| YOUR TASK |
The answer must consist solely of the lines from the opening line of the entries through the line with "Cabecita con el nuevo uniforme", transcribed exactly and without any pictures.

| Image-text web data |
_ _ _ _ _ _ _
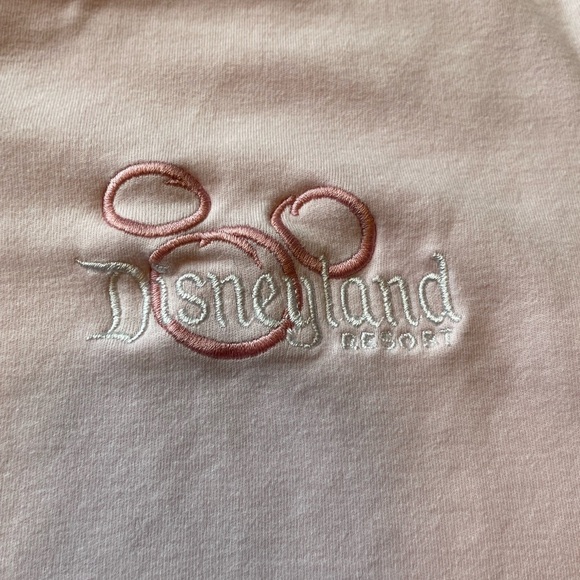 Disney Resort wear women’s v neck light pink long sleeve pullover with logo LG - Picture 6 of 7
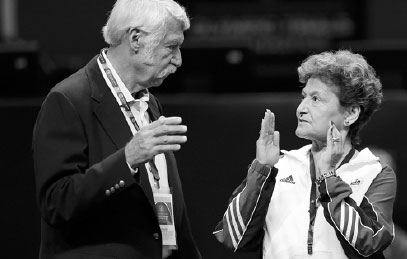 Sexual abuse lawsuit names renowned US coaching duo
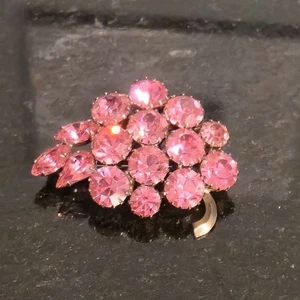 Vintage Pink Rhinestone Floral Brooch Gold Tone Pin Costume Jewelry - Picture 1 of 8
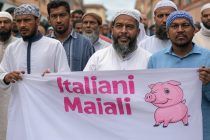 Immigrati in attesa di cittadinanza: “Italiani di merd*” – VIDEO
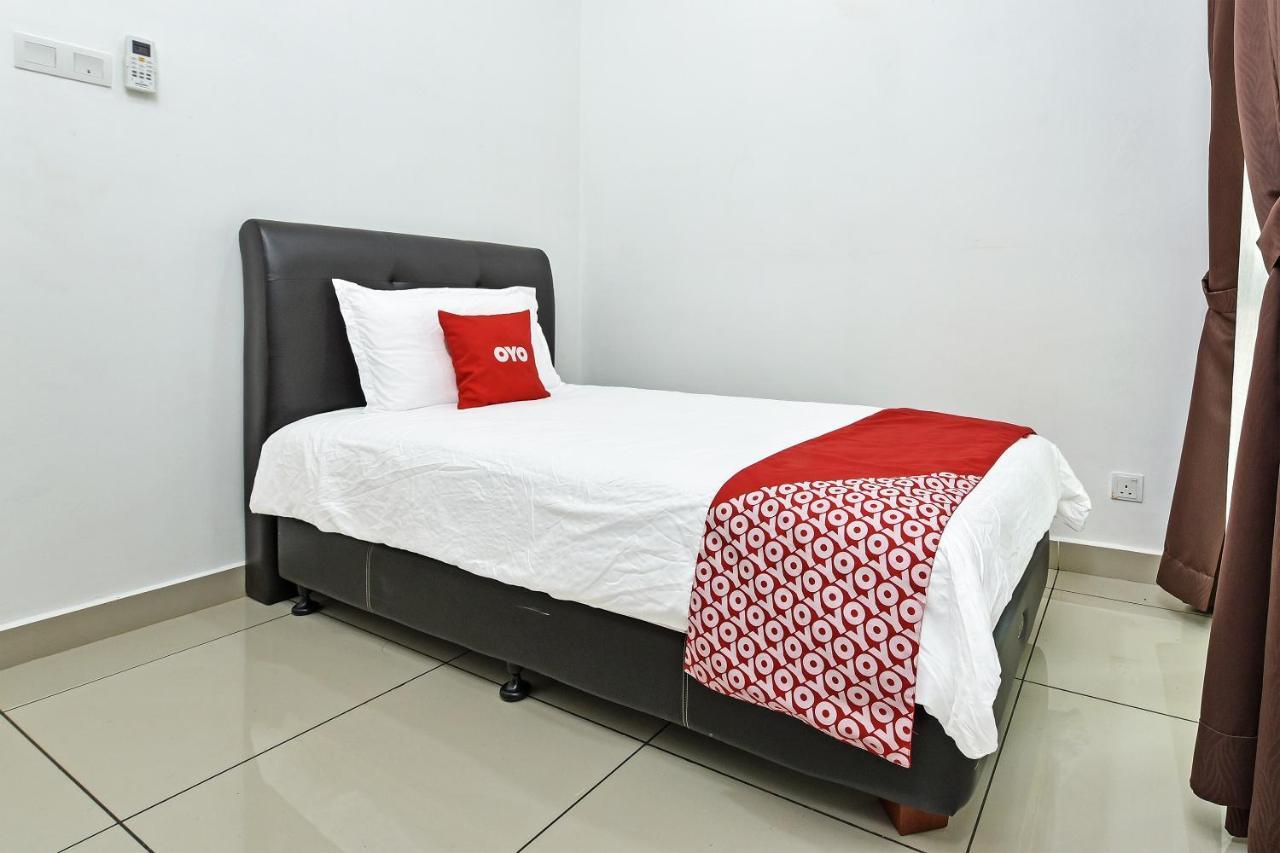 Capital O 90614 Cvia Ummul Hotel بادانج بيسار المظهر الخارجي الصورة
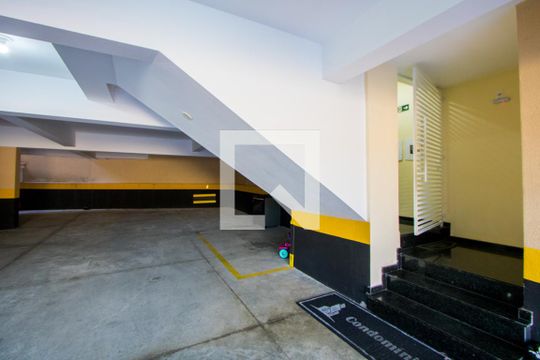 Área comum de apartamento para alugar com 2 quartos, 57m² em Jardim do Estádio, Santo André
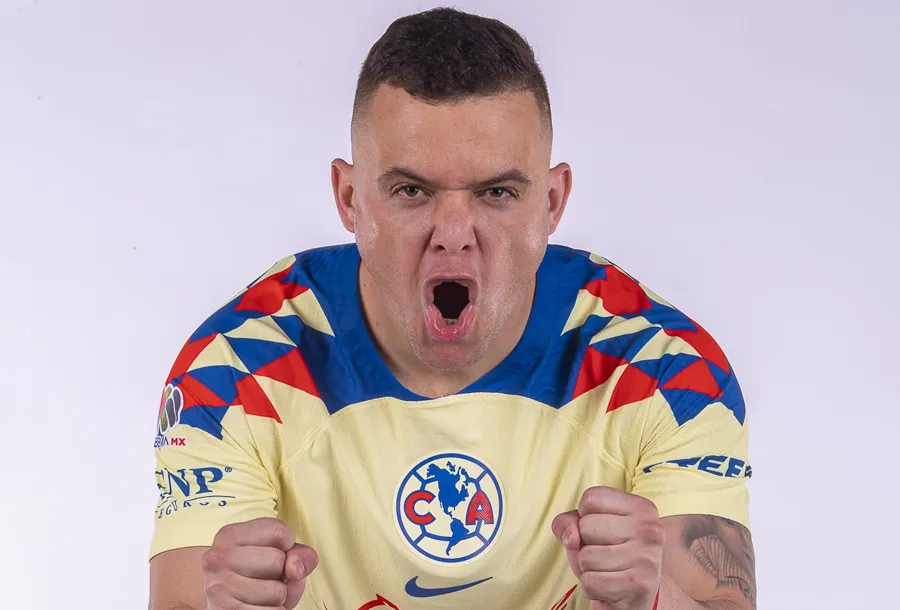 Cabecita con el nuevo uniforme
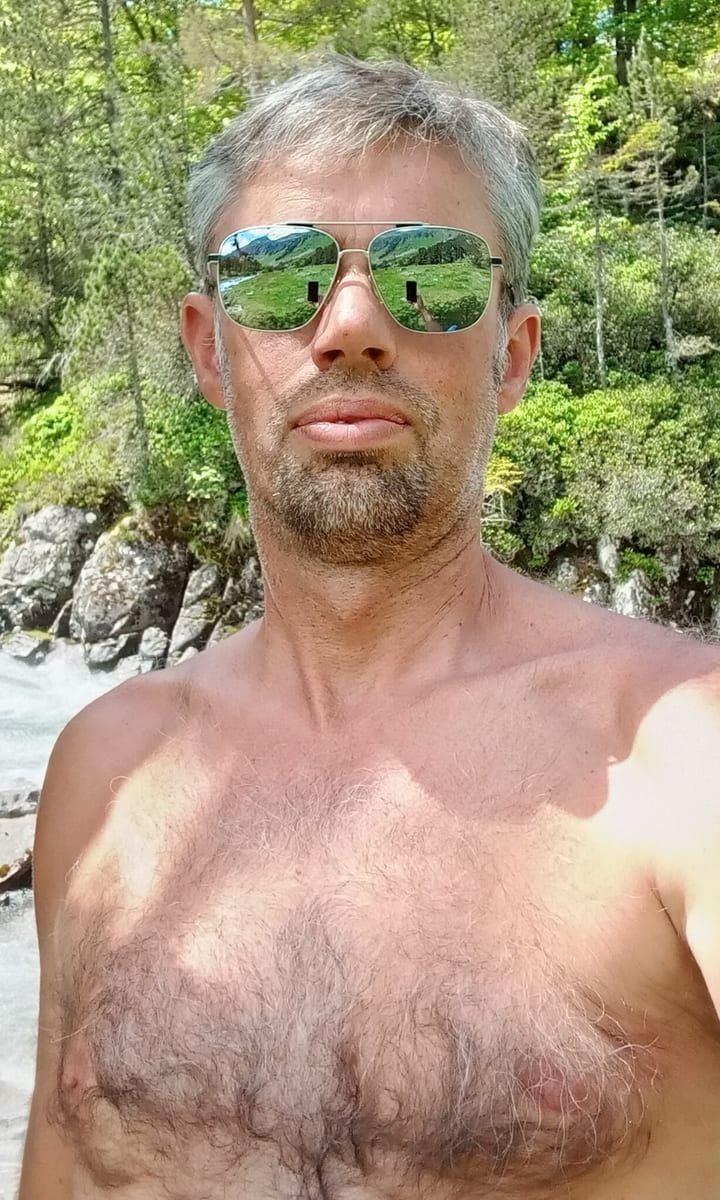 Katib - Site de rencontre gay à Mutten Profil de Katib, 36 ans, Site de rencontre gay à Mutten (Grisons)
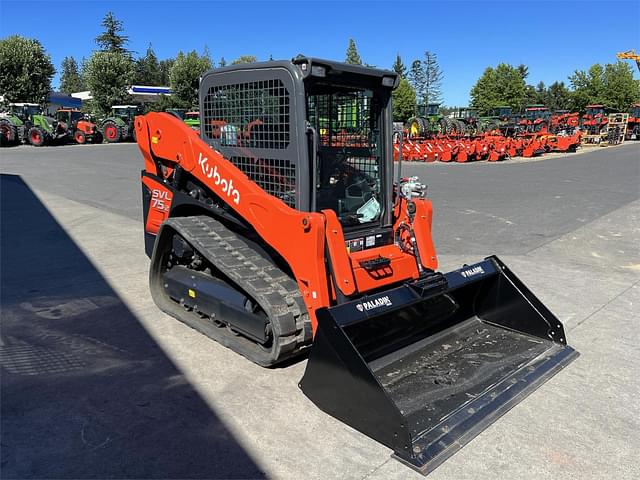 Image of Kubota SVL75-2 equipment image 4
_ _ _ _ _ _ _
| TASK RESULT |
 Disney Resort wear women’s v neck light pink long sleeve pullover with logo LG - Picture 6 of 7
 Sexual abuse lawsuit names renowned US coaching duo
 Vintage Pink Rhinestone Floral Brooch Gold Tone Pin Costume Jewelry - Picture 1 of 8
 Immigrati in attesa di cittadinanza: “Italiani di merd*” – VIDEO
 Capital O 90614 Cvia Ummul Hotel بادانج بيسار المظهر الخارجي الصورة
 Área comum de apartamento para alugar com 2 quartos, 57m² em Jardim do Estádio, Santo André
 Cabecita con el nuevo uniforme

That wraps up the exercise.